Computer boards with external memory and peripherals connected to the processor may have several chips that need to be addressed. Only one can be connected to the data bus of the computer at a time. Which one is enabled is done via a chip select (CS) line. These lines are normally inverted; i.e. the chip is enabled if the line is low (logic 0), and disabled when the line is high (logic 1). So they are written as \$\small \overline{\text{CS}}\$ to indicate this.
With full address decoding, all the bits of the address bus that are not used to address the internal locations mentioned above are decoded to select a particular chip via its CS line. So for a 16-bit address bus (64K memory map), five lines (A11 thru A15) will be used for the chip select decode and the remaining 11 (A0 thru A10) used for the address bus fed into the chip. The chip will respond to only as many addresses as there are internal memory locations inside the chip.
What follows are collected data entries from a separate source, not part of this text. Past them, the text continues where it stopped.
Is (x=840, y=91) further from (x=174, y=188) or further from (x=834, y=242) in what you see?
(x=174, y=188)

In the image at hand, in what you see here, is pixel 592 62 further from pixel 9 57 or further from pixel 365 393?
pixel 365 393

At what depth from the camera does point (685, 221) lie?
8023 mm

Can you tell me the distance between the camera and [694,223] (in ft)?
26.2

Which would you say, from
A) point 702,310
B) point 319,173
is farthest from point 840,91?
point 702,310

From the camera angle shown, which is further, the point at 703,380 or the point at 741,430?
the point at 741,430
So for example, a 2K memory chip may have addresses 0x0000 thru 0x7FFF (2048 altogether) or some other 2K range; any addresses outside of the 2K addresses will have no effect.
With partial address decoding, some of the address lines which would normally be used to enable the chip select line are left unconnected as far as the address decoding goes; these are called "don't cares". Each line that is specified as a don't care doubles the number of addresses that can select the chip. For example, if A11 was left out of the decoding for the EPROM, it would still respond to address 0x0000 thru 0x07FF, but it would also respond to addresses 0x0800 thru 0x0FFF. So 0x0123 and 0x0923 would address the same internal location.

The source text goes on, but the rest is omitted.